Я не верю в необычайную «материализацию» призраков, о которой спириты прожужжали нам уши, я считаю это обманом. Между прочим я делал опыты со знаменитым медиумом Крукса, который воспроизводил Katie King. Я констатировал только грубое мошенничество, медиум выдавал себя самого за призрак. В фотографии духов я также не верю; занимавшиеся этим фотографы плохо кончили – большей частью попали в исправительную тюрьму. Начиная от Ноте (Хоума) и кончая Евзапией Паладино и Анной Рот, все медиумы, показывающие физические явления, вроде музыкальных инструментов, летающих по воздуху, неожиданно вырастающих деревьев, рук покойников, дающих пощечины пораженным присутствующим, – все они не раз попадались на мошенничестве, как самые обыкновенные престидижитаторы. И вопрос, всегда ли они плутуют, остается, конечно, открытым.

Некоторые откровения духов, полученные постукиванием стола или при посредстве впавшего в транс медиума, настолько вздорны, столько в них чепухи, и иногда они бывают так возмутительно вульгарны и банальны, что, кажется, начинаешь понимать Гюисманса, называвшего сеансы подобного рода помойной ямой для отбросов с того света.

Значит ли это, что все мы должны согласиться с мнением одного гипнотизера, сказавшего, что спиритизм «не имеет ни идей, ни фактов, ничего…» Лично я думаю иначе; по-моему, спиритизм заключает в себе целую новую психологию и некоторую часть физики, граничащую с психологией. Наиболее искусные исследователи пользовались для своих научных открытий спиритическими явлениями. Правда, спиритизм только продолжает и популяризирует средневековый оккультизм и древнюю магию. Поскольку в спиритизме заключаются явления магнетизма, он привлек внимание к изучению искусственного сна, гипноза и внушения. Сложные проблемы личности, сумасшествия и сновидений сделались яснее, когда стали производить наблюдения над «воплощающими медиумами», одержимыми, подобно языческим колдуньям, каким-то посторонним духом. Экстериоризация, которую в наше время пытаются объяснить рационально, почти механически, была хорошо известна колдунам и одержимым, объяснявшим ее действием невидимых сущностей.

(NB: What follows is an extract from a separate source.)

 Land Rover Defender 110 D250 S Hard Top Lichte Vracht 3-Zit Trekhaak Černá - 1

Телепатия (призраки живых людей) тоже тесно связана со спиритизмом. Темные и светлые таинственные силы многим перестали казаться выдумкой, когда все могли познакомиться с общедоступными чудесами спиритизма. Наконец, изучая спиритизм, мы встречаемся с намеком на новое открытие, которое, конечно, не замедлит подвергнуться точному исследованию; я говорю об «экстериоризации мысли». Мысль – это сила; она накопляется, умножается, действует на то, что мы называем материей, и может излучаться вокруг нас. Говорящие столы нам прямо показывают, когда нет обмана, что духи живых людей по крайней мере могут вибрировать и вне своей телесной оболочки и давать впечатление нового существа. По моему личному долгому опыту я убедился, что это действительно верно. На сеансах спиритизма и магии из самих нас исходят неведомые нам силы, которые могут появляться перед нами и отвечать на вопросы, как совершенно чужие нам силы. Ограничивается ли этим наша экстериоризация? Не можем ли мы, психически оставив наше тело, войти в соприкосновение с неведомыми сущностями?

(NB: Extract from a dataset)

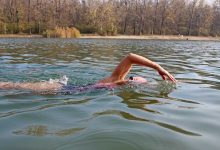 Zimné plávanie, Žaneta Kubíková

Здесь окружены мы тайной, и головокружительные мысли подстерегают нас… Все же я пойду дальше: спиритизм напомнил нам, какое значение в мире живых имеет память о мертвых и их постоянное влияние; в темных и огрубевших душах нашего времени спиритизм разбудил чувство бессмертия, без которого я не допускаю высшего человечества. Думаю, что из-за этого можно забыть ложность самой доктрины и нелепости, связанные со спиритическими исследованиями.